Items from a dataset
-.-.-

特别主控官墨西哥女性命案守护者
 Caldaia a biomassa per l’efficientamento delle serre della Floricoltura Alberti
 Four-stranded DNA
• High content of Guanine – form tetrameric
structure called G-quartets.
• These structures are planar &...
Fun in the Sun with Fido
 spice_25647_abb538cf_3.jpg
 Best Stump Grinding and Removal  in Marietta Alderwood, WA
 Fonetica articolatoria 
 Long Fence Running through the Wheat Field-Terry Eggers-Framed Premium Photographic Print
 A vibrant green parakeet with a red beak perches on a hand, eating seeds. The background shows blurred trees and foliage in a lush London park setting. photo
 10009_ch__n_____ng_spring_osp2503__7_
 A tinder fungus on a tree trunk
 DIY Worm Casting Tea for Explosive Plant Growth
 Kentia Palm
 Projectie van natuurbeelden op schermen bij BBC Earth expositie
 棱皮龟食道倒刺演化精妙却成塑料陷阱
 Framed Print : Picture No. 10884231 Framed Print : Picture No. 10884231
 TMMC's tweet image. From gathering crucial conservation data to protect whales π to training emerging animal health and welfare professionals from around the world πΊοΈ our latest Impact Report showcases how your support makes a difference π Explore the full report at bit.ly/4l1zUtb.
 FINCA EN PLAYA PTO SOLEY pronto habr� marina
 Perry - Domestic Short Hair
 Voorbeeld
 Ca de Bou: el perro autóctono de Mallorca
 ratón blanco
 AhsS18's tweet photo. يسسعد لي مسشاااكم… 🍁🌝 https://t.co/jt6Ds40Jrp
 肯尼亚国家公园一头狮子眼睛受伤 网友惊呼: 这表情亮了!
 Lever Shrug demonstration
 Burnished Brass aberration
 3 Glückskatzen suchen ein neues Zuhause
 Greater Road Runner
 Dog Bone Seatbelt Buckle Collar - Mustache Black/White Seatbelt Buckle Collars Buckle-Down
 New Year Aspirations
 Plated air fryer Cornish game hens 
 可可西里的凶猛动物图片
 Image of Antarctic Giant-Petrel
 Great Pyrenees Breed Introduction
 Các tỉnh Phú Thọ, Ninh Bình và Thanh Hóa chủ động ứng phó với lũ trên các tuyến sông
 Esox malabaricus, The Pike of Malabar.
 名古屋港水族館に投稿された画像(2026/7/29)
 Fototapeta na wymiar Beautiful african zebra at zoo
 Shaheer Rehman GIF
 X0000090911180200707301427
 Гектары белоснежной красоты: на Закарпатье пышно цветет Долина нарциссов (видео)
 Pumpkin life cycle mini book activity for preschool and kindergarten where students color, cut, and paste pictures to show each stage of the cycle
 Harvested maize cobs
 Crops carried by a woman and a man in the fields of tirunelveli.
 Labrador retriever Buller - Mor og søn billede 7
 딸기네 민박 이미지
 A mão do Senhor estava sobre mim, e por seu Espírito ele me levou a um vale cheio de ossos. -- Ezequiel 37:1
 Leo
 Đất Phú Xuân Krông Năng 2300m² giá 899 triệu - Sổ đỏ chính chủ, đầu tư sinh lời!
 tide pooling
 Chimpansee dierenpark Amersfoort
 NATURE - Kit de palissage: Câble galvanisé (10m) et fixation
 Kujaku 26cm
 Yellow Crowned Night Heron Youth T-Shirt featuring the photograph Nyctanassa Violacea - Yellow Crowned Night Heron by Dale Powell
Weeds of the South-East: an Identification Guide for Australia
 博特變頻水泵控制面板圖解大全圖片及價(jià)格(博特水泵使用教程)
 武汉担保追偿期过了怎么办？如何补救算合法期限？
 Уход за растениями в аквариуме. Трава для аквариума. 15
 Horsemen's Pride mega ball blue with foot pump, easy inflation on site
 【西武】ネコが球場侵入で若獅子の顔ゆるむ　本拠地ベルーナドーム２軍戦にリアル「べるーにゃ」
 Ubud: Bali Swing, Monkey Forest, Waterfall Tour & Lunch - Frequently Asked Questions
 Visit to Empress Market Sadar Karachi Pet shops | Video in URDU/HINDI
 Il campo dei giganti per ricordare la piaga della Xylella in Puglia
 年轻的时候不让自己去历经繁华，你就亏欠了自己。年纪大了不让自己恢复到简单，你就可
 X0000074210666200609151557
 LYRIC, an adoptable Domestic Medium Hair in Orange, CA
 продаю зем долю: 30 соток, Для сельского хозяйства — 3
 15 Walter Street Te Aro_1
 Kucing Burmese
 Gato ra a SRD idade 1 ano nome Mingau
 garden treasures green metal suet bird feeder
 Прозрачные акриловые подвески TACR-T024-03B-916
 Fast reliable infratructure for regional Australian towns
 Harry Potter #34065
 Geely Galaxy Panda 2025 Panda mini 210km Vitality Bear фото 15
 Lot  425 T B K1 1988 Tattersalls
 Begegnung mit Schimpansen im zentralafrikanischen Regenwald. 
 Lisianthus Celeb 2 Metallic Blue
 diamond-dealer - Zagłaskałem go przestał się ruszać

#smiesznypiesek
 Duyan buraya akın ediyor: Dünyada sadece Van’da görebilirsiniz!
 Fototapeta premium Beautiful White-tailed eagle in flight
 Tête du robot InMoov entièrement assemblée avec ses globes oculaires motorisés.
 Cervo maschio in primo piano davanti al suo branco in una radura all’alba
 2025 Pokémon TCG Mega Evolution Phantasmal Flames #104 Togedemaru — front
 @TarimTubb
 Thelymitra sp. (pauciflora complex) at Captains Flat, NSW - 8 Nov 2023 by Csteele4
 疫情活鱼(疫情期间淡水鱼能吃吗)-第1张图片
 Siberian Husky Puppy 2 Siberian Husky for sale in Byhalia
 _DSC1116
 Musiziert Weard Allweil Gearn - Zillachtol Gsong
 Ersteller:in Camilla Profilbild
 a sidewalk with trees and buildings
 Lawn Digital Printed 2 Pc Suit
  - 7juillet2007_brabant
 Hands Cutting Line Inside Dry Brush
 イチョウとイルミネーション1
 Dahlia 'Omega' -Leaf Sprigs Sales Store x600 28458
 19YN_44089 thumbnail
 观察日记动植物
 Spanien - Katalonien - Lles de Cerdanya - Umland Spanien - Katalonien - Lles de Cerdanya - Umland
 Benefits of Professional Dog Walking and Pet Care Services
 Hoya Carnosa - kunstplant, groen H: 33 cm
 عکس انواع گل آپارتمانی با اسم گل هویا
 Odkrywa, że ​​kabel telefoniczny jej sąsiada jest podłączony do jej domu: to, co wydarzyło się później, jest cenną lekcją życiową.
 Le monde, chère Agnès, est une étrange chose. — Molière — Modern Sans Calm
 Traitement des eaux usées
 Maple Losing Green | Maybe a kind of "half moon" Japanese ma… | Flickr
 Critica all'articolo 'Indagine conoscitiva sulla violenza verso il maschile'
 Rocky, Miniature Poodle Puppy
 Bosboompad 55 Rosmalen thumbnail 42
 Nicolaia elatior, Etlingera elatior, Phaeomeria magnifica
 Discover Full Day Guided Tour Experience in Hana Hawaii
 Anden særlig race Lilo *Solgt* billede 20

-.-.-

> [Activity]: Each line from the first line of the entries up to and including the line containing "Fonetica articolatoria" should be transcribed exactly, with all other lines left out.

> [Exercise response]:
特别主控官墨西哥女性命案守护者
 Caldaia a biomassa per l’efficientamento delle serre della Floricoltura Alberti
 Four-stranded DNA
• High content of Guanine – form tetrameric
structure called G-quartets.
• These structures are planar &...
Fun in the Sun with Fido
 spice_25647_abb538cf_3.jpg
 Best Stump Grinding and Removal  in Marietta Alderwood, WA
 Fonetica articolatoria 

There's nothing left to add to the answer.